About 6 months ago I started working on a small project. It was a side project. I had this problem that had been bothering me for a while, I talked to friends and colleagues about it. I didn’t have much time to work on it though. I was in the final stretch of my degree and my capstone.

Nonetheless, I got to work. Every bit of free time I had — in the mornings before class, on weekends and late nights — I dedicated myself to building my mini little side project.

About a month later I had a working app. When I say working, I mean it didn’t crash, and it was so far from what I had in mind it was embarrassing. Screw it though, I published it. Nothing happened. I continued working on it in my free time and started building the features that I wanted. To help myself. This tool was truly something that I wanted and in fact had convinced myself I needed.

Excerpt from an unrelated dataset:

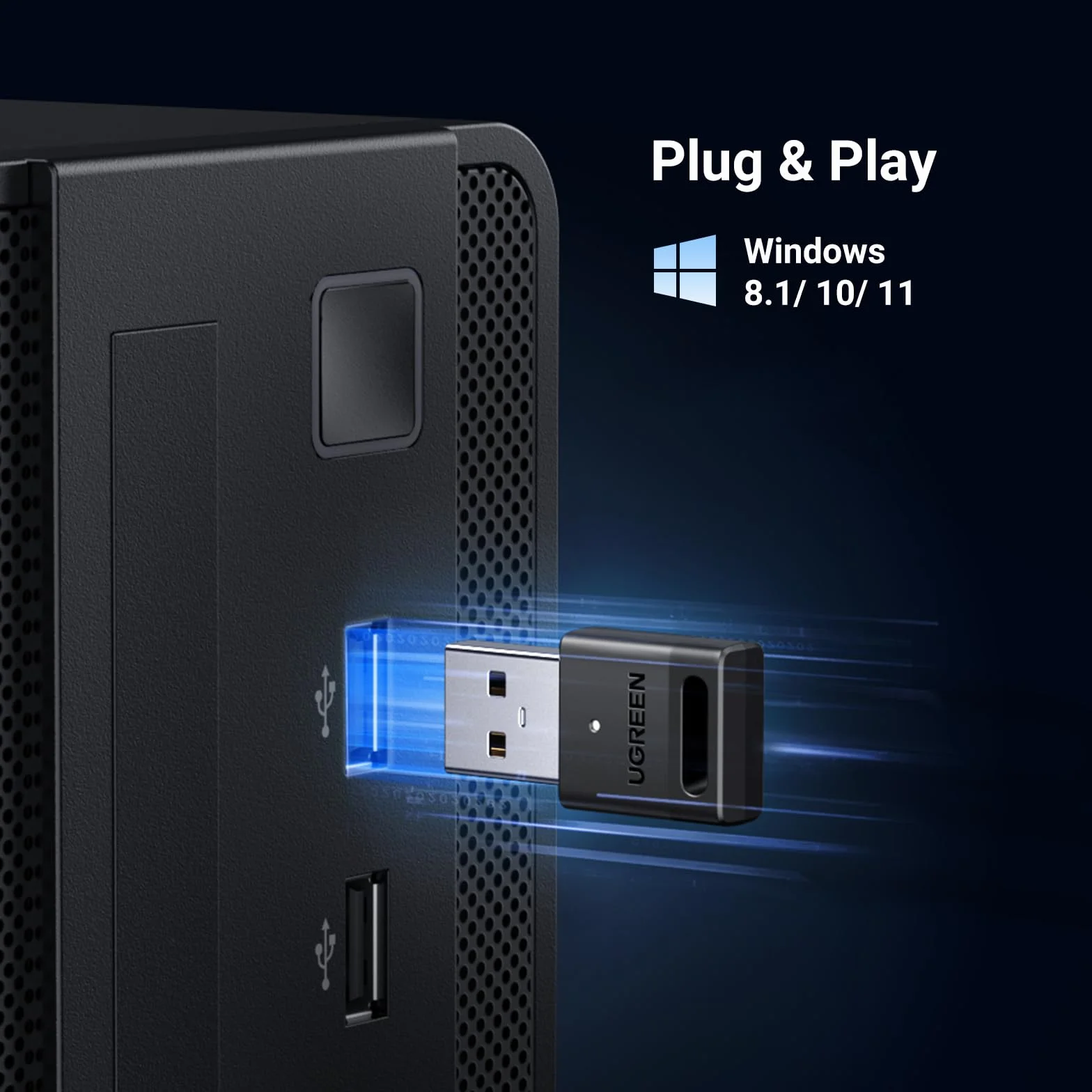 UGREEN Dongle Bluetooth 5.3 USB Clé Faible Latence 20M Portée Windows 11 10 8.1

Apparently, others were interested too. From a simple gif that I posted online, a few people left their email, and wanted to try it out. Initial feedback from these users, my friends, and my roommate was almost null. They thought it was pretty, and some even said it saved them a couple times, but no real praise was given. More concerningly, no criticisms. I think my roommate was just being nice, and the other users simply stopped using the app.

What did I do? I did what I knew I could. I reached out, I asked for feedback, suggestions, and comments. I continued working in the background, constantly iterating. Low and behold, after some time, I got some feedback. Some good, some bad. I thanked everyone who responded and told them to keep sending any feedback. I fixed things, I changed things, I iterated.

As more and more people tried out the app, I kept on reaching out manually and continued the cycle.

Now 4 months in, I had gone full time on this “Side project”. I committed myself to seeing through my vision. I did however, take note daily of the looming stress of not having any real income, and dedicating 95% of my time to something that I simply just wanted to work on, not that had any promise or guarantee of success. I was, you could say, building a small startup.

Things intensified, I decided I needed to make this thing real. I needed to focus on the early adopters who were willing to pay for an unproven tool — the ones who provided real feedback, were invested in the tool, and actually wanted it to succeed.

Unfortunately, the situation just got tougher — users had lots of praise but also equal amounts of confusion. I continued pushing forward, continued iterating, stretching my days to as long as possible; essentially working for as long and hard as I could, fueled only by small plaudits from users. I was making a sacrifice familiar to so many founders, managers, hackers, nomads, and the like. Your friends, family, and other life aspects suffer while you work. While you commit yourself so wholeheartedly to a dream. It sounds aspirational, but it is in fact a very daunting, unrelenting, daily struggle.

Finally, someone very close to me snapped. They said, “I’m tired of seeing you do this, working away at nothing”. This wasn’t new. Doubt and disapproving judgements were constant. I reassured and tried to communicate my vision. No luck.